Combustion Experiments -- Although the combustion process plays a key role in our lives and has been researched for more than a century, many of the fundamental combustion processes are still little understood. Two MSL-1 combustion experiments, Laminar Soot Processes (LSP) and the Structure of Flame Balls at Low-Lewis Number (SOFBALL), will be conducted in the Combustion Module-1 (CM-1). This unit requires two Spacelab racks and houses a combustion chamber and seven cameras, as well as the experiment package. The Droplet Combustion Experiment is designed to provide information that could lead to the safer and more efficient use of fossil fuels.
Materials Science -- During the MSL-1 mission, 19 materials science experiments will be conducted in four facilities aboard the Spacelab module. The experiments will investigate the materials in solid and fluid form, since materials often change from solids to fluids and back again during manufacturing processes. Five experiments will be conducted in the Large Isothermal Furnace (LIF) that can heat metal samples to 1,600 degrees Celsius to study the physics of materials processing. The Electromagnetic Containerless Processing Facility will use electromagnetic levitation for the containerless processing of metallic samples in ten experiments (TEMPUS). The Middeck Glovebox Facility supports five experiments to research physical theories of materials processing, including the Coarsening in Solid-Liquid Mixtures (CSLM) Facility furnace.

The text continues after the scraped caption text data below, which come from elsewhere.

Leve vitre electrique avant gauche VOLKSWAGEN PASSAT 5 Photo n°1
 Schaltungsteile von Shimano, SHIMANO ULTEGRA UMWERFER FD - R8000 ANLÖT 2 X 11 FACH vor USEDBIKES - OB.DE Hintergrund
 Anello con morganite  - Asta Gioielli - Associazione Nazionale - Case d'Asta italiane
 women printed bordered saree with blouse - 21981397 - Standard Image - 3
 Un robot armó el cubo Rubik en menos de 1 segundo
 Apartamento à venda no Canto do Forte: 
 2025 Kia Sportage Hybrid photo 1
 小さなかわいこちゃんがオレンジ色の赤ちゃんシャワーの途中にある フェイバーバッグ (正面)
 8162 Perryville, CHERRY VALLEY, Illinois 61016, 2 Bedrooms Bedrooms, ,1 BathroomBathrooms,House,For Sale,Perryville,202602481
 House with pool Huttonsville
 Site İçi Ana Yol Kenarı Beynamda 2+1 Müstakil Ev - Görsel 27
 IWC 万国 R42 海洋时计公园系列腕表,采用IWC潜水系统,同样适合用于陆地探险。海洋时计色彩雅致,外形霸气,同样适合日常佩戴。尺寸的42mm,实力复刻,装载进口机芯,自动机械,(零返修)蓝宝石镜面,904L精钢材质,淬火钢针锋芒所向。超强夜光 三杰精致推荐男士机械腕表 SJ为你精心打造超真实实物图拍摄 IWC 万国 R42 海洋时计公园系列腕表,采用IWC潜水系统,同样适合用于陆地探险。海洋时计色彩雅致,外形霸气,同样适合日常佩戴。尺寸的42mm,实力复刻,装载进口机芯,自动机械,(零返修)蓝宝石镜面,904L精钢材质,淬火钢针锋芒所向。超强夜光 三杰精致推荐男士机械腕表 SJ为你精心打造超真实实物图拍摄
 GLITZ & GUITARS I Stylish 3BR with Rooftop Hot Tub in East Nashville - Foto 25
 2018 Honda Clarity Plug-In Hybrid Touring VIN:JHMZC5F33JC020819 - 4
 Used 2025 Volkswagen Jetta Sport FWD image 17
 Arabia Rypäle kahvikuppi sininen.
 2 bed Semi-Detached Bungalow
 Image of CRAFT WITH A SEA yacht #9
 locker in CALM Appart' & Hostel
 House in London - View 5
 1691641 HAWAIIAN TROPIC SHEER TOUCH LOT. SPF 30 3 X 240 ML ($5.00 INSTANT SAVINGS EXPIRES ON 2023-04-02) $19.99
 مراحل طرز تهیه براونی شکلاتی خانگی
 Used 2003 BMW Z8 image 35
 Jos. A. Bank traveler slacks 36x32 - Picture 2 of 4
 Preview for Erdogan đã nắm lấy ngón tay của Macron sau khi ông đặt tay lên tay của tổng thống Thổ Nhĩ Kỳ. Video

The High-Packed Digital Television (HI-PAC DTV) hardware will be flying on the MSL-1 mission to provide scientists in the Mission Operations Control Center at NASA’s Marshall Space Flight Center with real-time video of experiments as they are conducted in the Spacelab module. Other MSL-1 experiments include four to measure microgravity, the Cryogenic Flexible Diode (CRYOFD) Hitchhiker experiment mounted on the right-hand side of Columbia’s payload bay and the Shuttle Amateur Radio Experiment-II (SAREX-II).
Columbia was moved to Orbiter Processing Facility 1 after landing at KSC following the STS-83 mission. Preparations soon began for the reflight of the orbiter and MSL-1 payload. Both fuels cell No. 1 and No. 2 were removed and replaced. The Spacelab module remained in the orbiter's payload bay during the reservicing process for STS-94, although the Spacelab tunnel was removed to provide better access to the MSL-1. This was the first time that a primary payload was reserviced in this manner, paving the way for possible quick turnaround processing for future flights. After final checkout, Columbia was scheduled to be rolled out to Launch Pad 39A on June 11th.